DR: Since Putin came to power, Moscow has turned increasingly to Russian ethnonationalism as a unifying ideology. In ethnically diverse Tatarstan, recent policies of consolidation and streamlining of cultural and educational institutions have amounted to the reduction of the resources that sustain the republic’s non-Russian languages and cultures. Moscow’s rhetoric and policies toward Uzbek, Tajik, Kyrgyz, and Azerbaijani migrants send the message that: (1) these Muslims are not wanted in Russia despite their now indispensable role in Russia’s economy; and (2) Central Asian and Caucasian Muslims’ cultures are alien to and incompatible with Russia’s prevailing culture despite the shared experience of seventy years of Soviet rule. Given Moscow’s current stance on indigenous and migrant Muslim people and cultures, it seems fairly clear that they are not prepared at this time to recognize the contributions of non-Slavic, non-Orthodox peoples to Russia’s past or to propose a vision of the future that would include Muslims as full members of Russian society.
ДР: С приходом к власти Путина Москва всё чаще стала обращаться к российскому этнонационализму как к объединяющей идеологии.
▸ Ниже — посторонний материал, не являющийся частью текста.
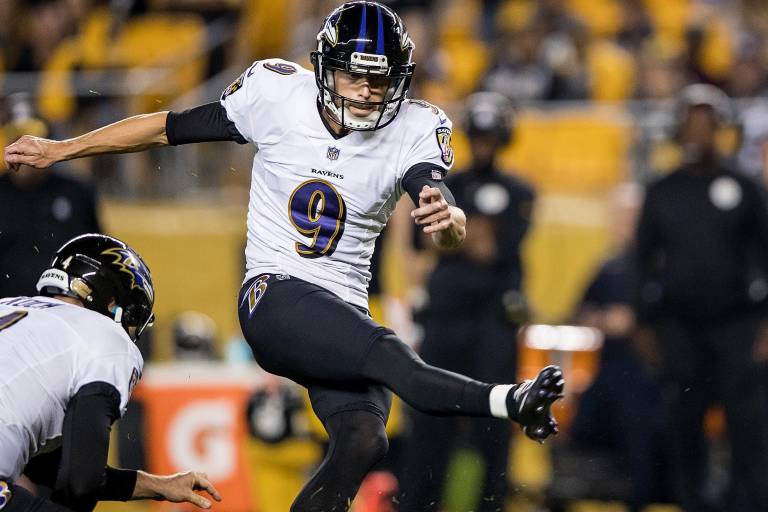 Justin Tucker, pateador de los Ravens, es acusado de comportamiento sexual inapropiado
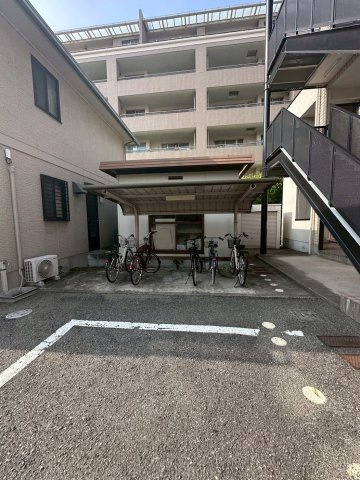 メルベーユの駐車場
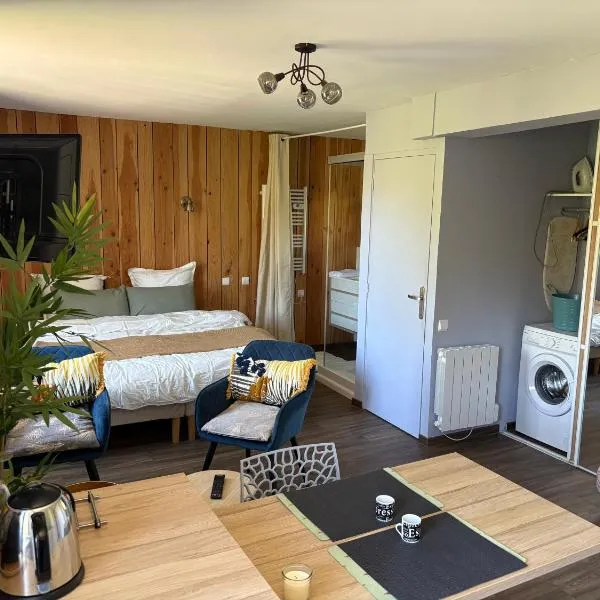 Le Balcon des Vallées - Cure, Vue et tranquillité，位于Ussat的酒店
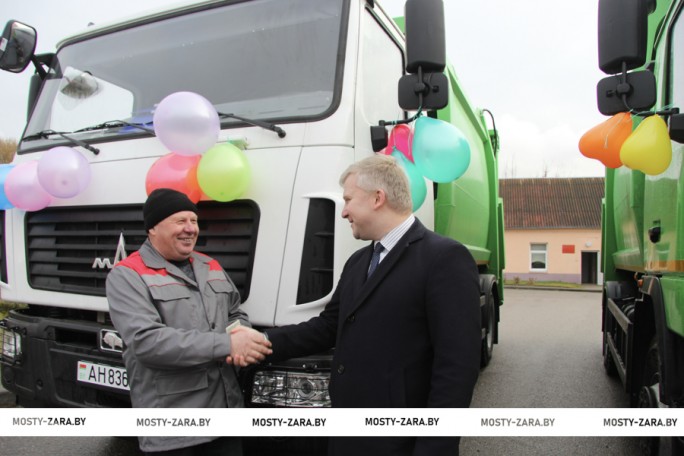 У мостовских коммунальников – новые машины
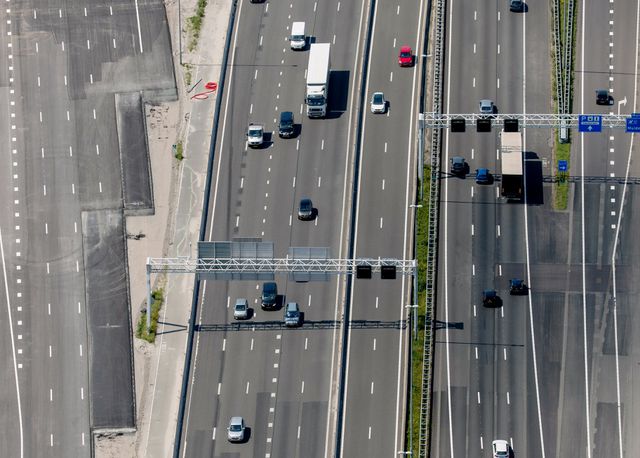 De auto-industrie is wel bijzonder hardleers - NRC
В этнически многообразном Татарстане недавняя политика консолидации и упорядочения культурно-образовательных учреждений привела к сокращению поддерживающих нерусские языки и культуру республики ресурсов. Риторика и политика Москвы по отношению к узбекским, таджикским, киргизским и азербайджанским мигрантам свидетельствуют о том, что: (1) мусульманам в России не место, хоть они сейчас незаменимы для экономики этой страны; (2) культуры мусульман Средней Азии и Кавказа чужды и несовместимы с главенствующей у россиян культурой, несмотря на семьдесят лет совместной жизни при советской власти. Учитывая нынешнюю позицию Москвы в отношении коренных мусульманских народов и культур, а также мигрантов из них, вполне очевидно, что в настоящее время россияне не готовы признать вклад неславянских и неправославных народов в своё прошлое или предложить такое видение будущего, где мусульмане стали бы полноправными членами российского общества.
ФН: Кто является распространителями модернизации в современных мусульманских общинах России?
DR: I don’t know that “conveyers of modernity” is a useful term for discussing Islam in Russia today. Unlike in the 1880s-1920s, the major discourses in Islam today are not about how to adapt Islamic faith, law, and culture to the modern world, but, rather, about who speaks for Muslims, whose Islam is most correct and legitimate, what the appropriate languages for the transmission of Islamic knowledge are, and what the position of Islam in Russia should be now and in the future. The faces of Islam in contemporary Russia include historically Muslim peoples as well as recent ethnic Russian converts, Salafists as well as adherents of the various classical Islamic legal schools, and local and national Muslim intellectual traditions as well as international and transnational trends. This multiplicity of voices and opinions lends dynamism to Russia’s Muslim communities.
ДР: Не думаю, что «распространители модернизации» — это стоящий термин для обсуждения положения ислама в современной России. В отличие от 1880-1920-х годов, сейчас основные проблемы ислама сводятся не к адаптации их веры, права и культуры к современным реалиям, а к выяснению того, кто говорит за мусульман, чей ислам наиболее правилен и легитимен, каковы пригодные языки для передачи исламских знаний и каким должно быть положение этой религии в России — сейчас и в будущем. Ислам в современной России представляют исторически мусульманские народы, а также недавно обращённые этнические русские, салафиты, а также адепты различных классических исламских правовых школ, местных и национальных мусульманских интеллектуальных традиций, а также международных и транснациональных тенденций. Такое разнообразие голосов и мнений придаёт динамичность мусульманским общинам России.